L’ostacolo più grande per la realizzazione di una democrazia autentica e partecipata non è l’arbitrio del potere, ma la monodimensionalità della massa; una monodimensionalità che, per quanto possa essere suggerita dal potere per favorire la propria conservazione, non può che essere auto-imposta dagli individui a sé stessi. I migliori analisti politici contemporanei sono arroccati su una schematizzazione che vanifica ogni possibilità del loro pensiero di essere autenticamente organico alla società: da una parte il potere rappresentato come un Leviatano non più autoritario, ma subdolo, un gigantesco serpente dell’Eden interessato esclusivamente alla propria conservazione e a tenere lontana la cittadinanza dal paradiso terrestre; dall’altra i buoni cittadini soffocati dalle sue spire, impossibilitati ad opporsi, nonostante la loro adamantina buona volontà. E’ una rappresentazione romantica e ideologica, dettata in buona parte dall’esigenza di accattivarsi i favori del pubblico. Bisognerebbe iniziare a dire che, per quanto i politici possano essere opportunisti e corrotti, in un sistema a suffragio universale sono pur sempre la proiezione fedele della cittadinanza. Nessuno può essere obbligato da chicchessia a votare in un modo determinato e le stesse armi di distrazione di massa sono divenute un tale segreto di Pulcinella che ogni elettore che lo voglia realmente può tranquillamente evitare di lasciarsene condizionare.
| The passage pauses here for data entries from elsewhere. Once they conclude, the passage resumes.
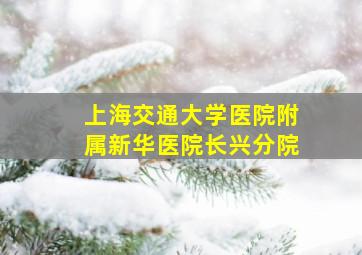 上海交通大学医院附属新华医院长兴分院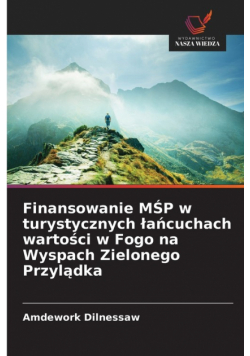 Finansowanie MŚP w turystycznych łańcuchach wartości w Fogo na Wyspach Zielonego Przylądka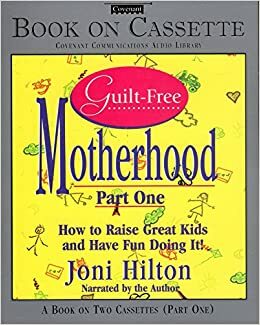 Guilt Free Motherhood by Joni Hilton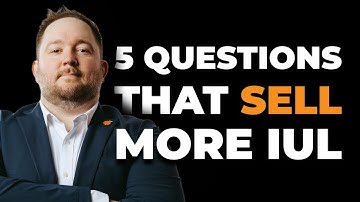 The 5 Questions That Sell More IUL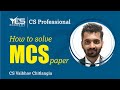 How to solve MCS Paper | CS Professional Multidisciplinary Case Studies (MCS) |CS Vaibhav Chitlangia
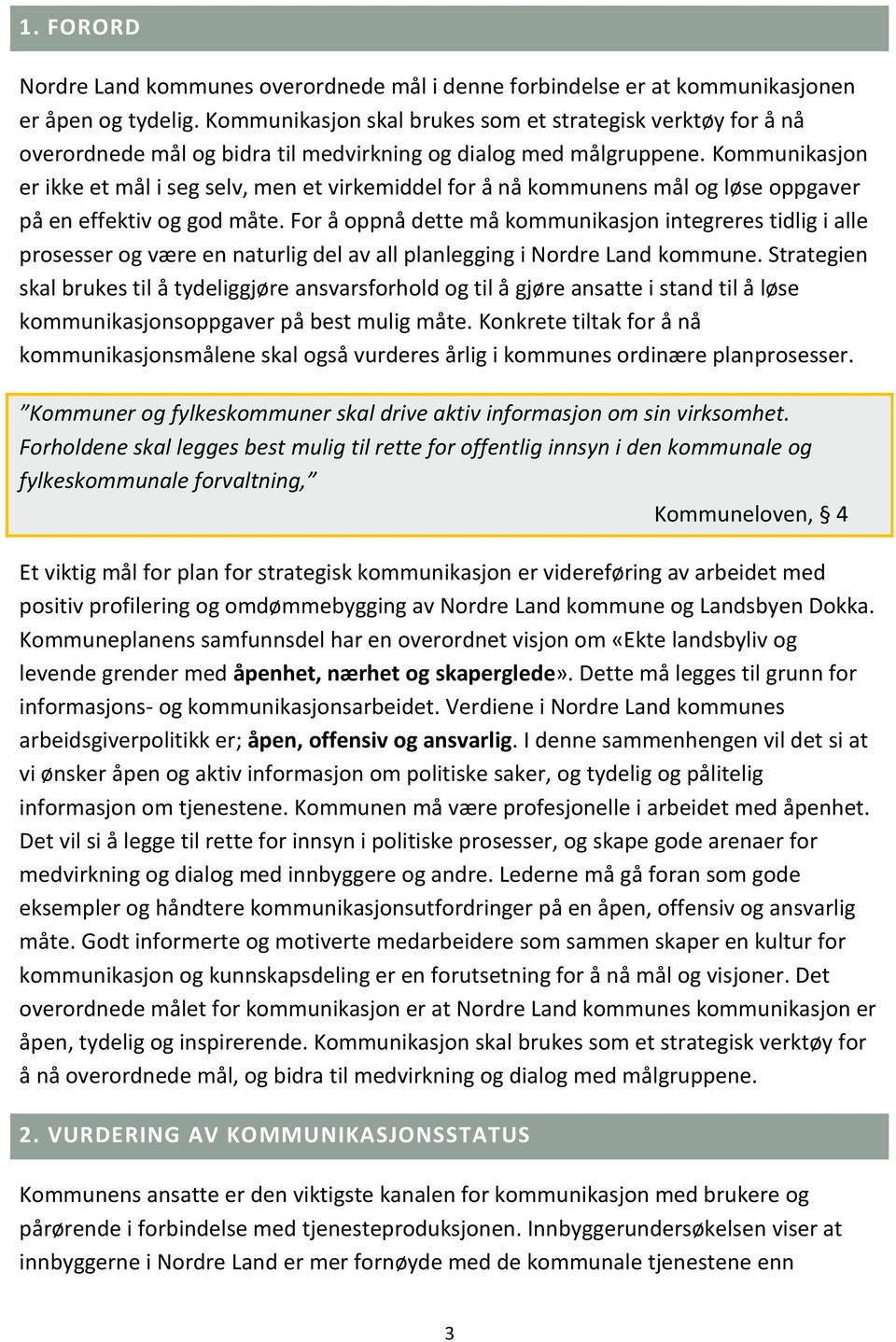 Kommunikasjon er ikke et mål i seg selv, men et virkemiddel for å nå kommunens mål og løse oppgaver på en effektiv og god måte.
Se i cittadini in grande maggioranza continuano a farsi affascinare dalla rappresentazione piuttosto che dalla reale capacità di risolvere le questioni, la responsabilità non può più essere addebitata a un potere che non ha più mezzi coercitivi per imporsi, ma ai cittadini che, pur potendosi dotare dei mezzi per fare scelte ponderate, per pigrizia o per ignoranza non li utilizzano.
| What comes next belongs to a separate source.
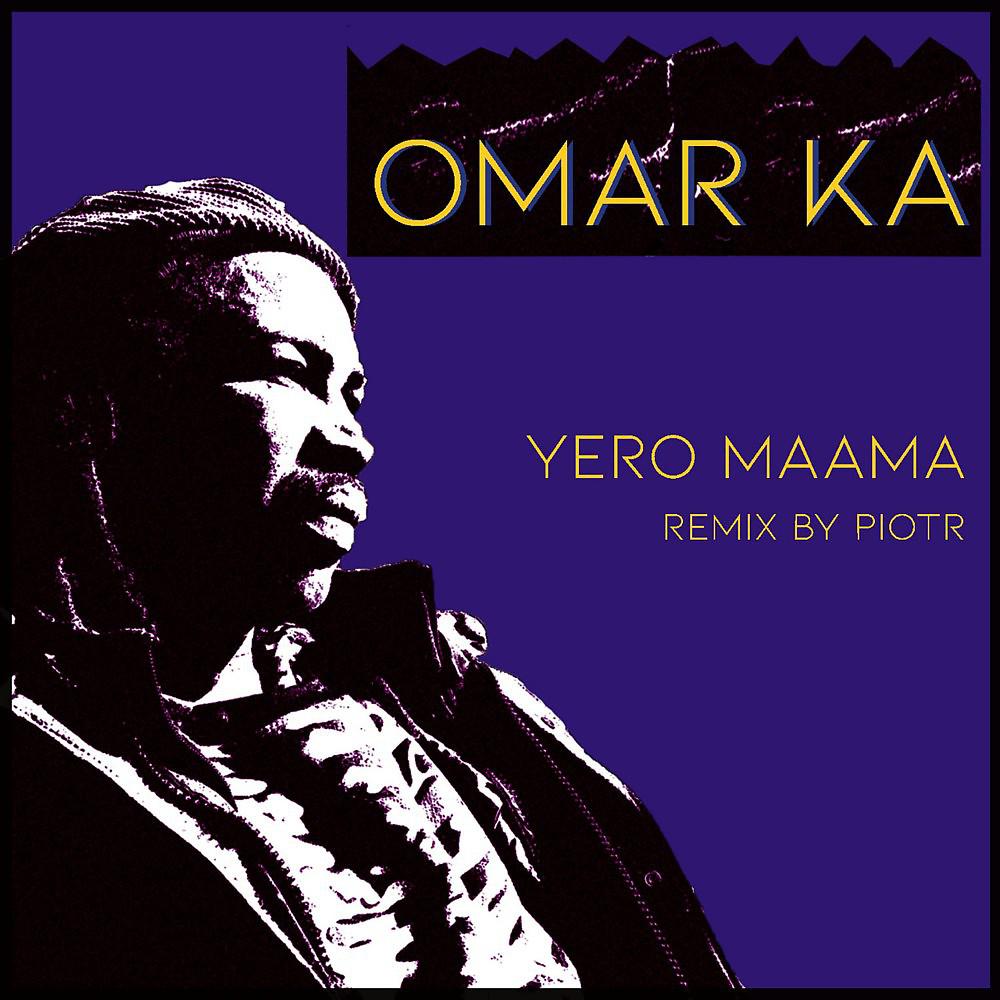 Постер альбома Yero Maama (Remix by Piotr)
In modo paradossale e provocatorio, si può dire che l’unica forma democratica autentica che si possa realizzare non sia quella partecipata, nè tantomeno quella diretta, ma quella qualificata, nella quale il diritto di voto sia subordinato al possesso di una robusta coscienza civica dell’aspirante elettore. Faccio un esempio relativamente attuale. L’ex onorevole Di Pietro è stato uno dei più attivi nel percorso per l’abolizione del cosiddetto Porcellum, tanto da raccogliere con successo le firme per un Referendum abrogativo, bocciato dalla Consulta, ma che ha dato il la alla successiva pronuncia di incostituzionalità della stessa Consulta. Paradossale che lo stesso leader Idv si sia reso responsabile di due dei casi più delegittimanti di eletti con la famigerata legge elettorale, Scilipoti e Razzi. Ma perché Di Pietro ha presentato nelle sue liste bloccate due politicanti che avrebbero dovuto essere considerati inadatti a prima vista? Mi vengono in mente due sole possibili motivazioni: o questi sono stati imposti da intrecci torbidi, o più semplicemente erano sostenuti da un ampio bacino di voti. Ergo, in entrambi i casi, i due peones avrebbero facilmente guadagnato il seggio anche con la possibilità di scelta dei cittadini, attraverso le preferenze o i collegi.
Il leviatano oggi non è più rappresentato dal potere, ma dalla massa.